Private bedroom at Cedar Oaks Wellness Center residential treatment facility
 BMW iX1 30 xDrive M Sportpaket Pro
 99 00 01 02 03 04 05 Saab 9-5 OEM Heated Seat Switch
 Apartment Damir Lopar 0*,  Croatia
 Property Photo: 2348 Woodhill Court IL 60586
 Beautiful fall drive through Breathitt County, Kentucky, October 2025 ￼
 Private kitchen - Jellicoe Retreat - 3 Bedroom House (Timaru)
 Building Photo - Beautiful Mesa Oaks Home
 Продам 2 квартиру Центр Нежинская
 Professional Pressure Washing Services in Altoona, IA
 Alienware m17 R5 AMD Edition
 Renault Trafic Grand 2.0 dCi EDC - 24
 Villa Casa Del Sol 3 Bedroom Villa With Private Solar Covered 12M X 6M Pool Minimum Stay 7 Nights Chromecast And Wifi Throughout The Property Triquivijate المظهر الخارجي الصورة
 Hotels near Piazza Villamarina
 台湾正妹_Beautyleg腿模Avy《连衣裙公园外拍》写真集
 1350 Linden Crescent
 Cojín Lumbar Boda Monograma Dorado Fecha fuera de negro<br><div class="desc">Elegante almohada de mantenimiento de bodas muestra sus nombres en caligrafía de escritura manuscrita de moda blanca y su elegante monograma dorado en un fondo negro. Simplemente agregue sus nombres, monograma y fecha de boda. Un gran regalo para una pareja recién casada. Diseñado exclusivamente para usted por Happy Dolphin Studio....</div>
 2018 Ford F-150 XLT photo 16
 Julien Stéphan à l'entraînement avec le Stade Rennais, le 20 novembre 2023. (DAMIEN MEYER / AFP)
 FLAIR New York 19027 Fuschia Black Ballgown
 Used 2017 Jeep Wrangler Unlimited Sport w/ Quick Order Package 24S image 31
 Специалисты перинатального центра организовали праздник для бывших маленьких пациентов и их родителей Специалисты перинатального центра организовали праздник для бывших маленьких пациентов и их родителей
▬▬▬▬▬▬▬▬▬▬
**WHAT IS BEING ASKED:** Repeat the records above exactly, from the first line through the line that contains "1350 Linden Crescent", and leave out the pictures.

**FINISHED TASK:**
Private bedroom at Cedar Oaks Wellness Center residential treatment facility
 BMW iX1 30 xDrive M Sportpaket Pro
 99 00 01 02 03 04 05 Saab 9-5 OEM Heated Seat Switch
 Apartment Damir Lopar 0*,  Croatia
 Property Photo: 2348 Woodhill Court IL 60586
 Beautiful fall drive through Breathitt County, Kentucky, October 2025 
 Private kitchen - Jellicoe Retreat - 3 Bedroom House (Timaru)
 Building Photo - Beautiful Mesa Oaks Home
 Продам 2 квартиру Центр Нежинская
 Professional Pressure Washing Services in Altoona, IA
 Alienware m17 R5 AMD Edition
 Renault Trafic Grand 2.0 dCi EDC - 24
 Villa Casa Del Sol 3 Bedroom Villa With Private Solar Covered 12M X 6M Pool Minimum Stay 7 Nights Chromecast And Wifi Throughout The Property Triquivijate المظهر الخارجي الصورة
 Hotels near Piazza Villamarina
 台湾正妹_Beautyleg腿模Avy《连衣裙公园外拍》写真集
 1350 Linden Crescent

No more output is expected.